*Task brief*. Once the line with "Pink Designer Readymade Rayon Long Kurti" is found in the data, output it and each following line exactly, up to and including the line with "Χαμηλού Κόστους Ημέρα", and nothing before or after.

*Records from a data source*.

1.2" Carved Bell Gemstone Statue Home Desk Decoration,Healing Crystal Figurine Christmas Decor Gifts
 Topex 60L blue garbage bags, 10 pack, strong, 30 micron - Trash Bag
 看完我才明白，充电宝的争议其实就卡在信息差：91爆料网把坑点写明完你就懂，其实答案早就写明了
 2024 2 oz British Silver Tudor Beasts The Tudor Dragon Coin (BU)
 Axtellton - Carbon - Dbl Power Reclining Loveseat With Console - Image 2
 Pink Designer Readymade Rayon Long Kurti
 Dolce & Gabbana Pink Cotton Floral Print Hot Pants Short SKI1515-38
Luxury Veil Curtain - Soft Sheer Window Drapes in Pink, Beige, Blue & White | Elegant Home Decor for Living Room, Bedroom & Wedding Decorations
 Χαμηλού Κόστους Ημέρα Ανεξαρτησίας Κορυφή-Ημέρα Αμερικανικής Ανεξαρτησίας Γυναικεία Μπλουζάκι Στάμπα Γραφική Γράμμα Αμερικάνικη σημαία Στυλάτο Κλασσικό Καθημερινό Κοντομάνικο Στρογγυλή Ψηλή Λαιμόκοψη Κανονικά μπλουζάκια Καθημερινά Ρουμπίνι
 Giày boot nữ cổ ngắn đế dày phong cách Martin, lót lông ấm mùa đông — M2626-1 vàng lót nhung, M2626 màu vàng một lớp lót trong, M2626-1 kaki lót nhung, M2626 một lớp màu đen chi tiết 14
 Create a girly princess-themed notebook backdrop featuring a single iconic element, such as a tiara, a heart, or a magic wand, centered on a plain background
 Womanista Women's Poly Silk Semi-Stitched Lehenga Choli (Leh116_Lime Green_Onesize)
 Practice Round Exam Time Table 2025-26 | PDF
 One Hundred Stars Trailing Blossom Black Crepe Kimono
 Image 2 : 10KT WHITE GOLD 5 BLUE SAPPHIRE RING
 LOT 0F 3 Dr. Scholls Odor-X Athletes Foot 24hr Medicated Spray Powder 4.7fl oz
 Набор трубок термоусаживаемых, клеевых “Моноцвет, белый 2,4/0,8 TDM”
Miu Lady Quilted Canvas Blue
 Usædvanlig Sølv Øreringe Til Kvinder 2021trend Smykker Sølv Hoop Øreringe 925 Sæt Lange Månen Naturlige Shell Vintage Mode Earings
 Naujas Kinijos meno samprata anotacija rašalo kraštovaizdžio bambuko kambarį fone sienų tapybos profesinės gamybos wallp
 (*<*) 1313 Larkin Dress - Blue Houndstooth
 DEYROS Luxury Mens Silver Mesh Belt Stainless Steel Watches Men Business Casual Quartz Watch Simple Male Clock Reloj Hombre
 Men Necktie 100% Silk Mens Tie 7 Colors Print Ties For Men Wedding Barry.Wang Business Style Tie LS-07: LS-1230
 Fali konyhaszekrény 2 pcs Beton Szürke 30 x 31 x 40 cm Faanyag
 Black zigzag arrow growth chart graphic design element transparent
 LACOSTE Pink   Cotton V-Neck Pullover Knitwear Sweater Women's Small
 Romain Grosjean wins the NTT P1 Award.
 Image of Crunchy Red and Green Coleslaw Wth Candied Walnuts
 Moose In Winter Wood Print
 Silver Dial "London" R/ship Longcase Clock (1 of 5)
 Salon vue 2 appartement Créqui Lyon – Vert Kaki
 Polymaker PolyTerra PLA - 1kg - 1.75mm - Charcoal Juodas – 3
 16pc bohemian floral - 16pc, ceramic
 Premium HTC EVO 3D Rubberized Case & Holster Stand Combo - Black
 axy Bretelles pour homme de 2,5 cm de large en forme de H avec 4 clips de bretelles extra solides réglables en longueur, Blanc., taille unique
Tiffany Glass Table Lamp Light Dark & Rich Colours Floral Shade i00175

*Exercise solution*.
 Pink Designer Readymade Rayon Long Kurti
 Dolce & Gabbana Pink Cotton Floral Print Hot Pants Short SKI1515-38
Luxury Veil Curtain - Soft Sheer Window Drapes in Pink, Beige, Blue & White | Elegant Home Decor for Living Room, Bedroom & Wedding Decorations
 Χαμηλού Κόστους Ημέρα Ανεξαρτησίας Κορυφή-Ημέρα Αμερικανικής Ανεξαρτησίας Γυναικεία Μπλουζάκι Στάμπα Γραφική Γράμμα Αμερικάνικη σημαία Στυλάτο Κλασσικό Καθημερινό Κοντομάνικο Στρογγυλή Ψηλή Λαιμόκοψη Κανονικά μπλουζάκια Καθημερινά Ρουμπίνι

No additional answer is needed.